When the sun came up, Bagwell was near a U.S. signal unit. He took off his white shirt and put it on a stick, yelling “Don’t shoot! Don’t shoot! I’m an American!”
They held a gun to him and asked if he was really an American.
“You can’t tell with this Okie accent?” Bagwell replied.
“Well, what were you doing out there?” a soldier asked.
“I was with the TV and radio station,” Bagwell said.
“No, I don’t think so; they’re all dead or prisoner,” the soldier insisted. “The only body we haven’t found is Bagwell.”
The North Vietnamese executed an estimated 3,000 South Vietnamese civilians in Hue during Tet for sympathizing with American forces. Bagwell said he learned that a Catholic priest was executed for hiding a U.S. soldier in a church, and he knew that soldier had to be him.
The prisoners of war from AFVN Det. 5 — Ettmueller, DiBernardo and Anderson, along with Marine Cpl. John Deering and Army broadcast engineer Staff Sgt. Donat Gouin — were forced to walk 400 miles barefoot through the jungle over the next 55 days.

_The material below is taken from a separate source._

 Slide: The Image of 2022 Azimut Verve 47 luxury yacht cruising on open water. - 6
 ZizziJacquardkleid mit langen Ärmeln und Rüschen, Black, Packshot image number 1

For five years, they were tortured, interrogated and moved from one POW camp to another, until released from the infamous Hanoi Hilton in the 1973 prisoner exchange.
Bagwell and Ettmueller were inducted into the Army Public Affairs Hall of Fame in 2008. The Army Broadcast Journalist of the Year Award is named in Anderson’s honor.
Editor’s note: Bagwell and Ettmueller were interviewed this month by phone. Retired Master Sgt. Anderson was interviewed in 1983 when he was a civilian public affairs officer at Aberdeen Proving Ground, Maryland.